Your instructions:
The material below has pictures in it. Set down only the lines from the line containing "Pulseira personalizada com" through the line containing "Hawaiian Owl Hibiscus", word for word, and leave the pictures behind.
___ Records for the exercise
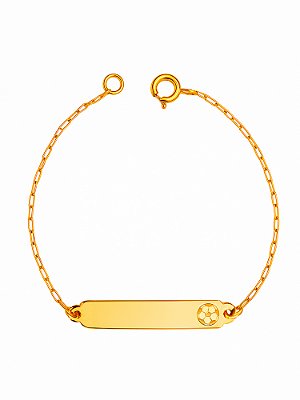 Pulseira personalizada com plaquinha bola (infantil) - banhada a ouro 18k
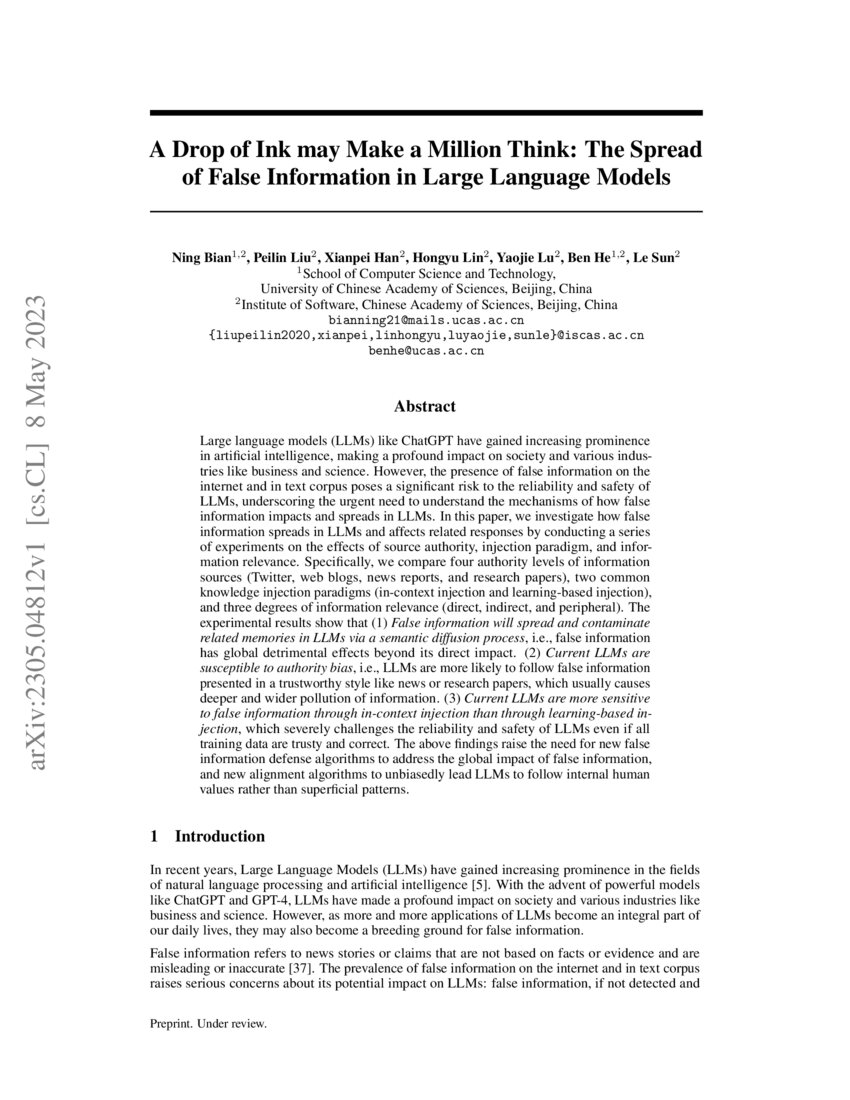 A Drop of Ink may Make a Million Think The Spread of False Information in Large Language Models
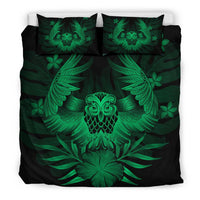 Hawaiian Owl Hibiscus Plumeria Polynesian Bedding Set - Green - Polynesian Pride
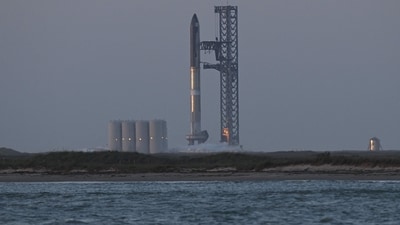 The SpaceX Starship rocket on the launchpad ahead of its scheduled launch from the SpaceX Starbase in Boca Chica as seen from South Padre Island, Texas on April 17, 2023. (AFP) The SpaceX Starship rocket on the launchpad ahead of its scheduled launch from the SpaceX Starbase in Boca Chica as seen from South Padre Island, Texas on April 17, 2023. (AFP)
______
___ Records for the exercise
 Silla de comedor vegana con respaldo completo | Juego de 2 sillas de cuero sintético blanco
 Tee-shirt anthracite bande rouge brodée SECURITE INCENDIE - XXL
______
___ Records for the exercise
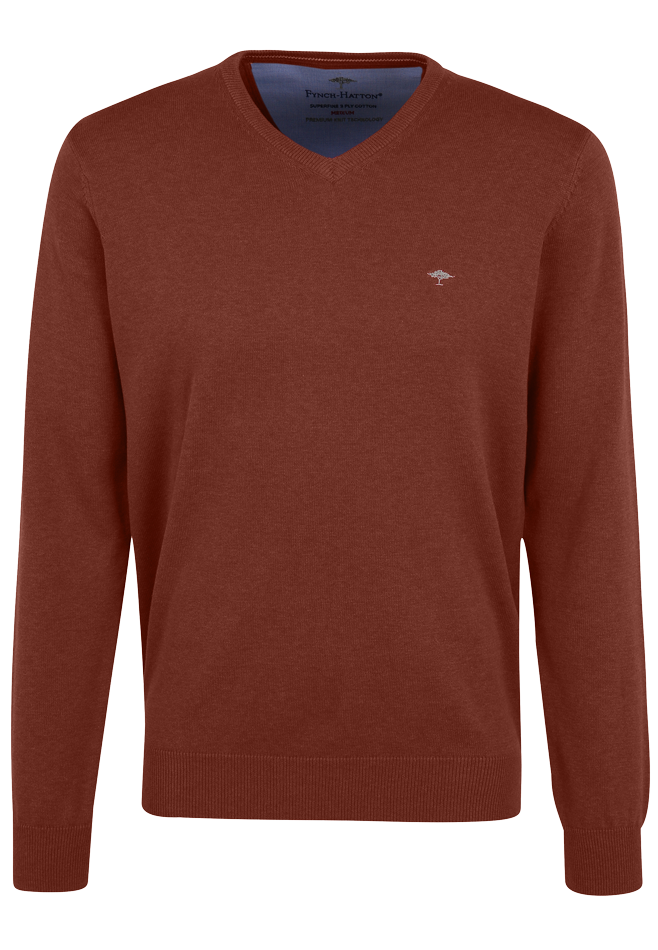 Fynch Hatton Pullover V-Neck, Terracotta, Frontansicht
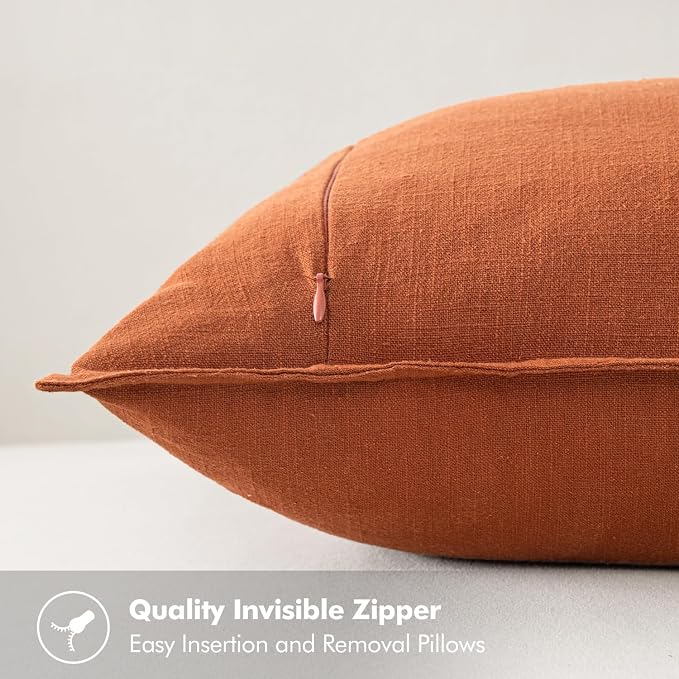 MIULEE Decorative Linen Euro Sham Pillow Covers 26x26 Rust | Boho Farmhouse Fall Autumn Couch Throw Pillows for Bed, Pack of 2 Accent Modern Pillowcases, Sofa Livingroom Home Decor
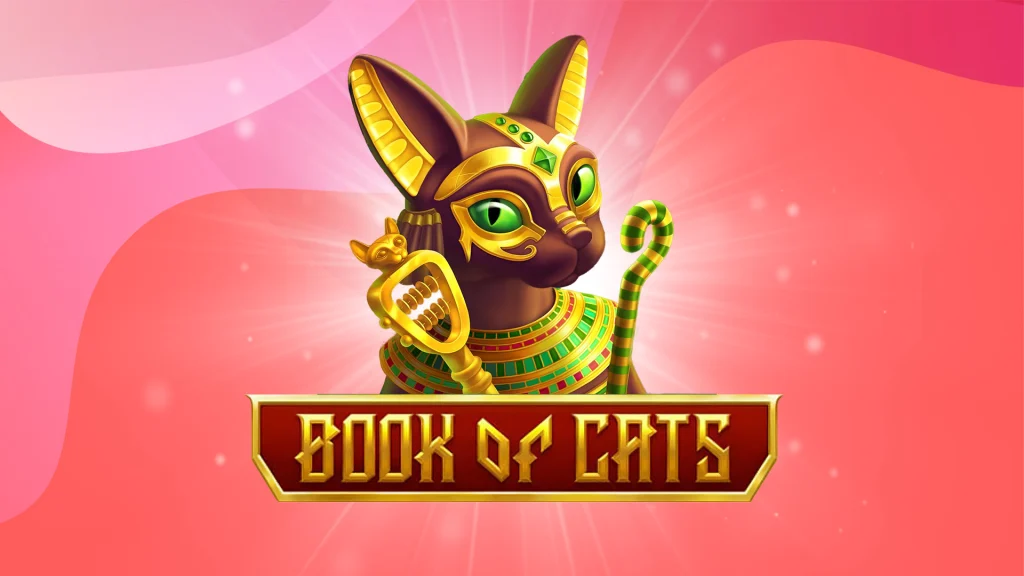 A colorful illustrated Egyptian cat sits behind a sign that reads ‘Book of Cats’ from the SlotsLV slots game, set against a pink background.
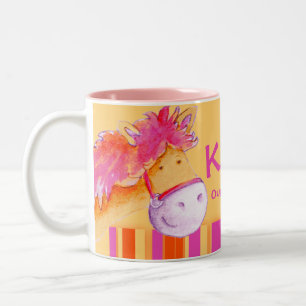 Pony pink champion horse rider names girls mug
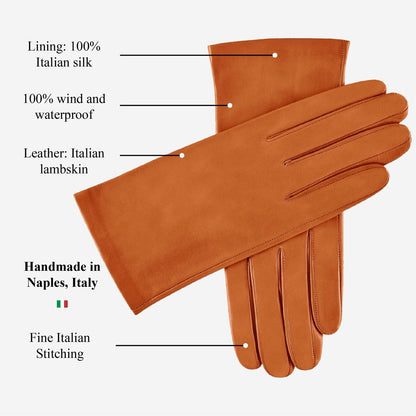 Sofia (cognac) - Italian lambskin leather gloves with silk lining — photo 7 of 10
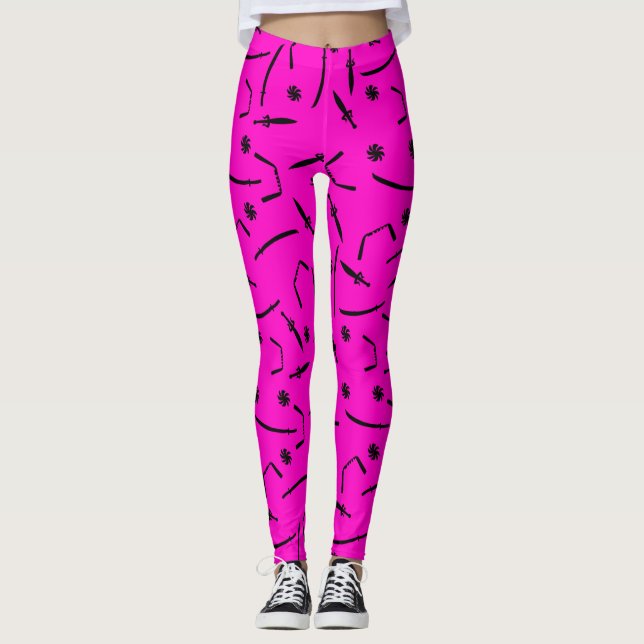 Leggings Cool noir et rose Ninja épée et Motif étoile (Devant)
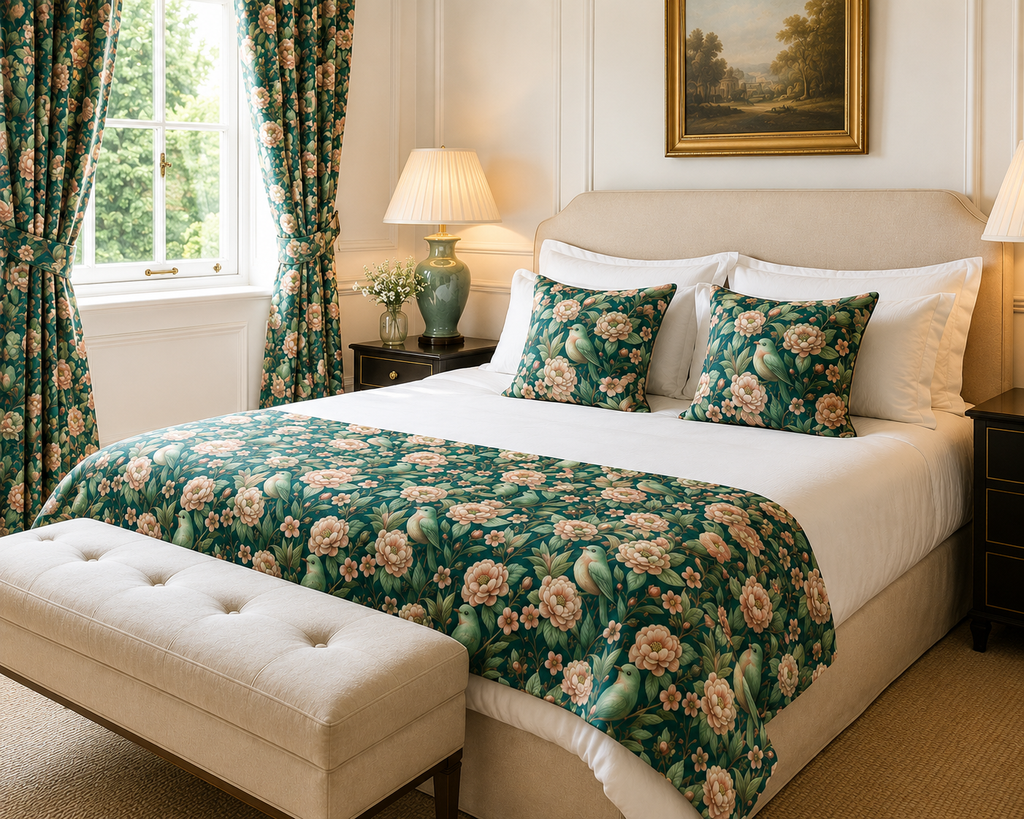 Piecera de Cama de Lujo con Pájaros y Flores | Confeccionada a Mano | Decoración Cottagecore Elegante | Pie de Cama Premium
______
Answer:
 Pulseira personalizada com plaquinha bola (infantil) - banhada a ouro 18k
 A Drop of Ink may Make a Million Think The Spread of False Information in Large Language Models
 Hawaiian Owl Hibiscus Plumeria Polynesian Bedding Set - Green - Polynesian Pride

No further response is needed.